どのような手段を使おうと、最後に勝利し、彼女の隣に立ってさえいればそれでいい。
夕闇に染まり始めた街路樹の葉が、風に揺られてカサカサと乾いた音を立てる。
短答式試験の合格発表、そして九月に控える論文式試験の準備という目の前の巨大なタスクに意識を戻しながら、私は心の片隅で、祖父の健康診断をそれとなく誘導するための具体的なシナリオを静かに組み立て始めた。
――しかし、そのシナリオの合間に、私はいつものように彼女のことを考えていた。
彼女は、この試験のことを知らない。彼女は、私が法律を学んでいることを知らない。彼女は、私が彼女のためにこの試験を受けていることを知らない。
――彼女は、何も知らない。
それが、私にはなぜか、愛おしかった。彼女が何も知らないからこそ、私は彼女を守れる。彼女が何も知らないからこそ、私は彼女を汚さずに済む。彼女が何も知らないからこそ、私は彼女を純粋なまま、自分のものにできる。
――しかし、その純粋さを、私はいつか壊すのだろう。
彼女にすべてを伝えたとき、彼女の純粋さは失われる。彼女は、私の狂気を知り、私の執着を知り、私の歪な愛を知る。そして、そのとき、彼女は私から逃げるかもしれない。
それでも、私は伝える。なぜなら、私は狂人だからだ。狂人であることを自覚している狂人は、自分の狂気を隠すことができない。
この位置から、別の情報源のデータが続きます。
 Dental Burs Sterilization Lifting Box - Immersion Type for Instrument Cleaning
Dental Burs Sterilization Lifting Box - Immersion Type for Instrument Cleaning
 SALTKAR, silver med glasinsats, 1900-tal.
自分の狂気を隠すことは、自分自身を隠すことと同じだから。
――彼女は、私の狂気の対象だ。彼女がいるから、私は狂人でいられる。彼女がいなければ、私はただの空っぽの老人だ。私はそのような未来の、そして過去の亡霊として消え去ることを断固として拒絶する。
歴史の改変など恐れるに足りない。
あの「たったひとつのほしいもの」をこの手元に迎え入れるための完璧な箱庭を完成させるためであれば、神の采配すら、私の冷徹な計算の中に捻じ伏せてみせよう。
――そして、その箱庭が完成したとき、私は彼女にすべてを告白するだろう。
私は、彼女を何十年も想い続けてきたこと。私は、彼女のためにこの人生を生き直していること。私は、彼女が私の「たった一つのほしいもの」であること。
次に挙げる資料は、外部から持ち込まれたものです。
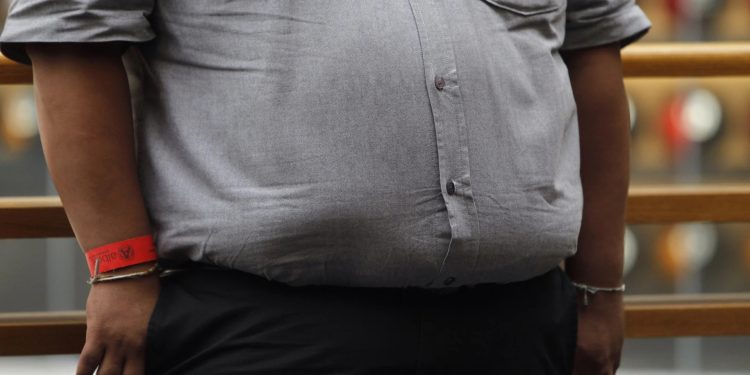 Estudio descubre la relación entre altos niveles de grasa abdominal e inflamación con la insuficiencia cardiaca.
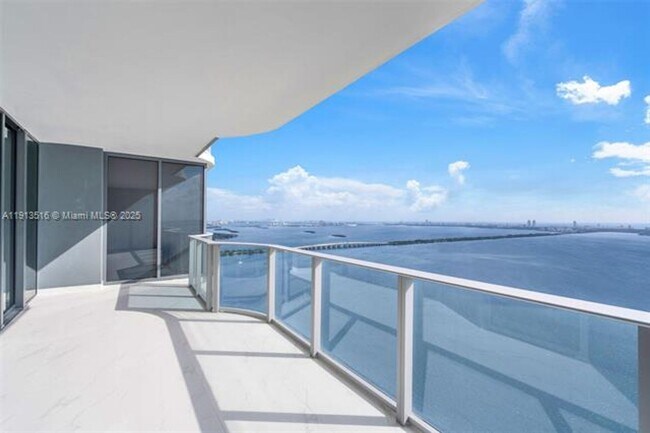 Building Photo - 700 NE 24th St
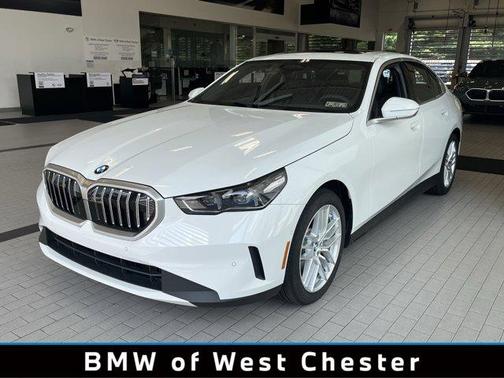 2025 BMW 530 i xDrive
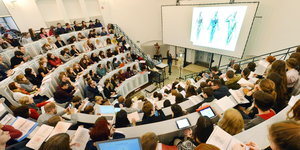 Ein gut gefüllter Anatomie-Hörsaal der Medizinischen Fakultät an der Martin-Luther-Universität Halle-Wittenberg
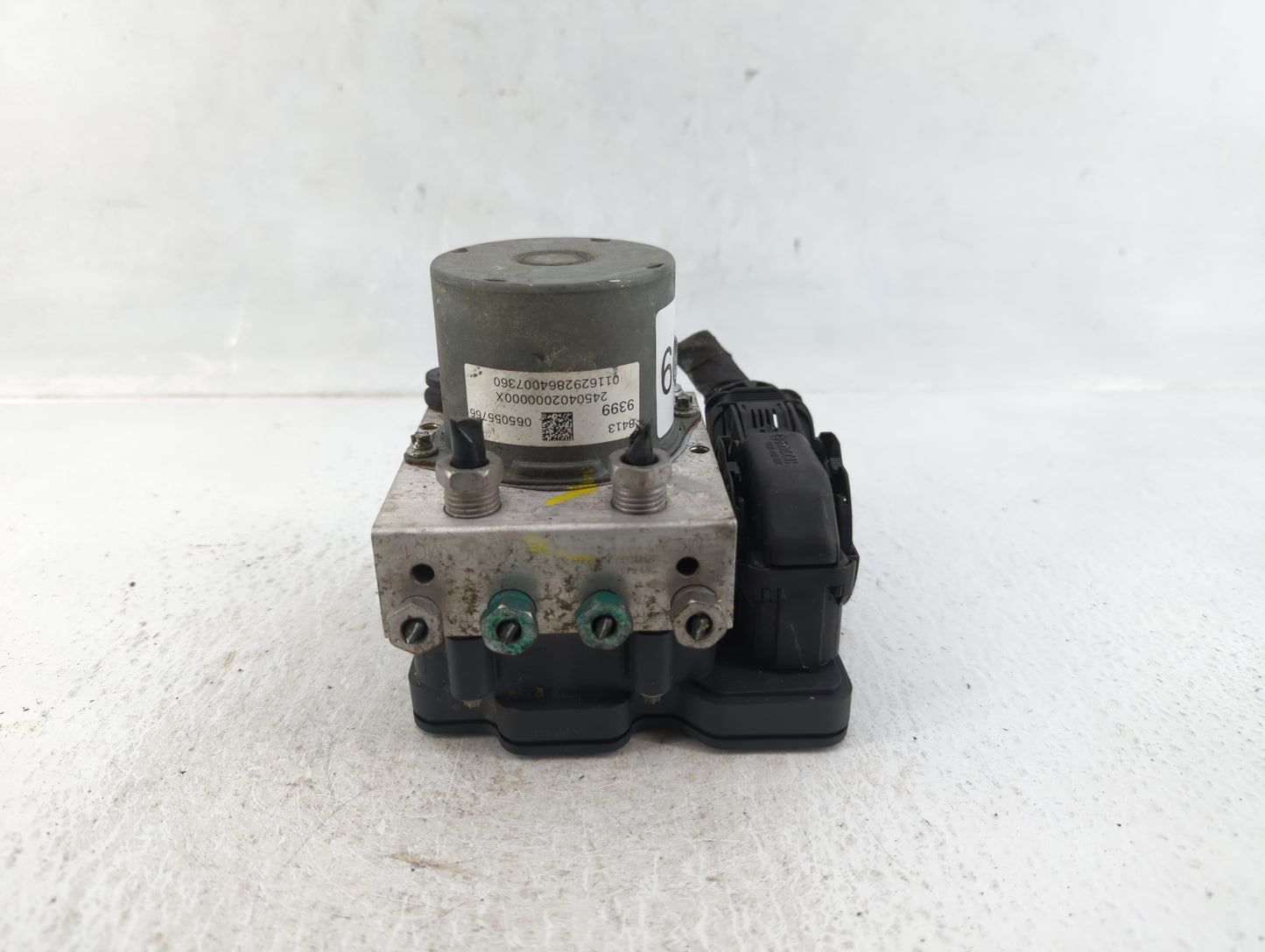 2017 Chevrolet Malibu ABS Pump Control Module Replacement P/N:065055766 Fits OEM Used Auto Parts - Oemusedautoparts1.com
――その告白が、彼女を幸せにするか、それとも不幸にするか。それは、私には分からない。
しかし、それでも私は告白する。なぜなら、それが私の歪で純粋な願いだから。彼女を愛し、彼女を求め、彼女を手に入れる。それが、私という人間の、唯一の生きる意味だから。
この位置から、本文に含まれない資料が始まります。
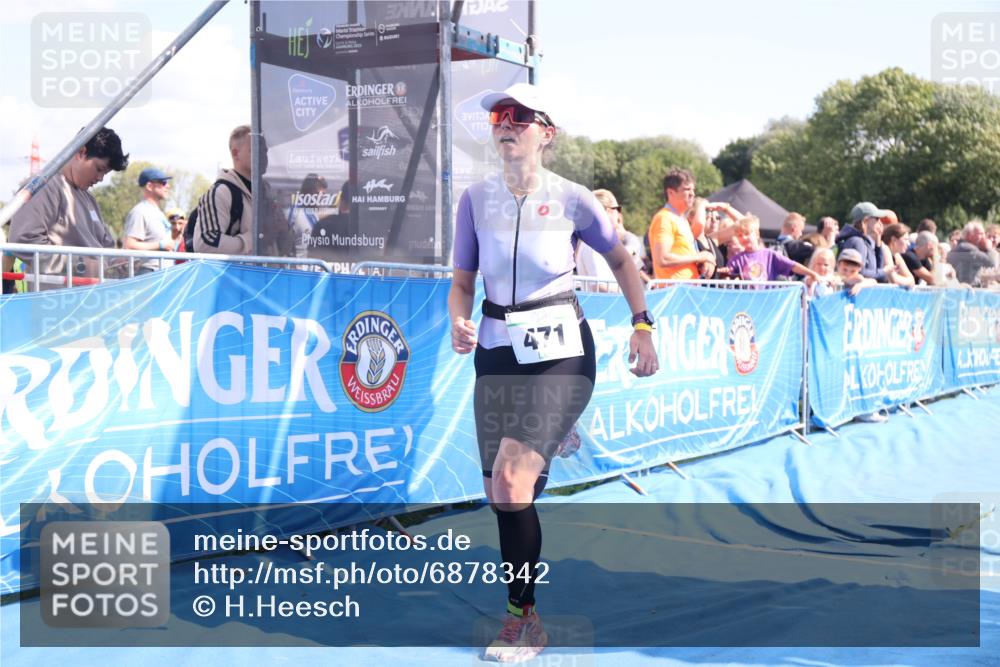 25.08.2024 - Elbe Triathlon Hamburg H.Heesch http://msf.ph/oto/6878342 25.08.2024 11:48:26 Ziel 471, 712 meine-sportfotos.de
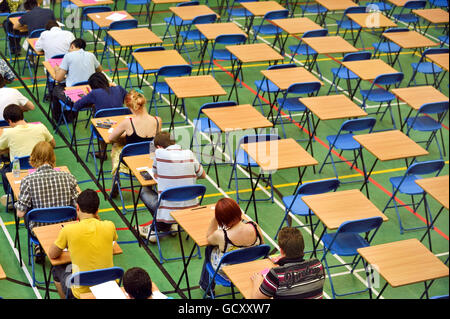 Gli studenti di livello a si siedono un esame di matematica di LIVELLO A all'interno di uno sport sala Foto Stock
私は、鞄の中のノートを、そっと撫でた。彼女の名前が書かれた、あのノートを。私は、このノートを、いつか彼女に見せるだろう。そして、そのとき、彼女は私の狂気をすべて知ることになる。
――それでも、私は止められない。
なぜなら、私は狂人だから。狂人であることを自覚している狂人は、もはや戻れない場所に立っている。